Morningstar Publishes Paper about How to Increase Interest in 529 Plans
Morningstar Inc. has released a research paper about family use of 529 plans, New Lessons about 529s. The paper shows that getting middle-income families to shift college savings to 529 plans will yield increased investment returns. The paper also provides practical ideas for getting more families to invest in 529 plans.
Switching College Savings Vehicles could Increase Investment Returns
The paper shows that changing the way that families save for college could have a big impact on college savings, even without any increase in the amount they save. Shifting college savings funds from low-yield bank accounts into 529 college savings plans could yield an additional $4,000 in college savings per child.
Most of the benefit of shifting college savings into 529 college savings plans comes from investing the money and from capital gains, not from state income tax benefits. More than two thirds (68%) of the increase comes from investing returns, a fifth (21%) from capital gains and only a tenth (11%) from state income tax benefits.
Middle-Income Families Benefit the Most
Middle-income families will benefit the most from shifting college savings funds into 529 plan accounts. More middle-income families are using low-yield accounts to save for college than high-income families. Most high-income families are already invested in 529 plans. Middle-income families have also saved more money for college than low-income families.

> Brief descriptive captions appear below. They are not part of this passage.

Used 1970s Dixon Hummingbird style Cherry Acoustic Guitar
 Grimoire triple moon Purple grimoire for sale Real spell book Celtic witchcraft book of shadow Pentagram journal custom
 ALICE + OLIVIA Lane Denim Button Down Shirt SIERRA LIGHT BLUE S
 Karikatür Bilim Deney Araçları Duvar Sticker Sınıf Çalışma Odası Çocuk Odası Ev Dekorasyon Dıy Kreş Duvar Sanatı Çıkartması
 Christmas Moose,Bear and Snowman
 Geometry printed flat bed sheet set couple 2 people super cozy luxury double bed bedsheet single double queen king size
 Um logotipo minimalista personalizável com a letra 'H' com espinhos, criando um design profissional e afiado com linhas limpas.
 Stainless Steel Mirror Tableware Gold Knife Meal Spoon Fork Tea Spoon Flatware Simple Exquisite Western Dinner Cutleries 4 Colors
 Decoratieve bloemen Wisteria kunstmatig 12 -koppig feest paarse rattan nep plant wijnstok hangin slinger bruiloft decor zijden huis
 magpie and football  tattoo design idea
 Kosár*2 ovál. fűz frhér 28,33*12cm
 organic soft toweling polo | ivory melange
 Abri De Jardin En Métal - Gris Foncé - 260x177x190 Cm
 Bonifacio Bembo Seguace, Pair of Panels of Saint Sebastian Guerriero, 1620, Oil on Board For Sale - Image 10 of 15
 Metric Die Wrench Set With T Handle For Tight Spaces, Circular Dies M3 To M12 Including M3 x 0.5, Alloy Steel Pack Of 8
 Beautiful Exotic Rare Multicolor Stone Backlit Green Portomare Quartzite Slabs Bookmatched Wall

Visual Comparisons of Financial Benefits are Effective in Influencing Behavior
Morningstar found that visual comparisons of the financial benefits of 529 plans over other account types had the greatest impact on the allocation of college savings funds among the various account types.
The most effective interventions included a table summarizing the advantages and disadvantages of 529 plans and a graph comparing the financial benefits of 529 plans with other account types. These helped address the information overload and complexity of choosing a 529 plan versus other types of accounts.
The paper also argues that providing personalized advice is essential to helping families make smarter financial decisions.